→ **EXERCISE DESCRIPTION**: Only the lines from the one containing "Solar-Tischbrunnen mit Tierfigur" through the end of the data below should be copied, each exactly as written and with both ends kept.
======== SOURCE RECORDS
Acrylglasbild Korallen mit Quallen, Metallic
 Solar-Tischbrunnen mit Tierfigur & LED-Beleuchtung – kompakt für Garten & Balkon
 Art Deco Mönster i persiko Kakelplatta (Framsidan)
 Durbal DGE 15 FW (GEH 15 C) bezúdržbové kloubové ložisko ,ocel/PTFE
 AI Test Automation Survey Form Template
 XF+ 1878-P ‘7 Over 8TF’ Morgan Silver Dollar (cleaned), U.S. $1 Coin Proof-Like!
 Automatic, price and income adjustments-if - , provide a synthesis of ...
================
→ **OUTPUT**:
 Solar-Tischbrunnen mit Tierfigur & LED-Beleuchtung – kompakt für Garten & Balkon
 Art Deco Mönster i persiko Kakelplatta (Framsidan)
 Durbal DGE 15 FW (GEH 15 C) bezúdržbové kloubové ložisko ,ocel/PTFE
 AI Test Automation Survey Form Template
 XF+ 1878-P ‘7 Over 8TF’ Morgan Silver Dollar (cleaned), U.S. $1 Coin Proof-Like!
 Automatic, price and income adjustments-if - , provide a synthesis of ...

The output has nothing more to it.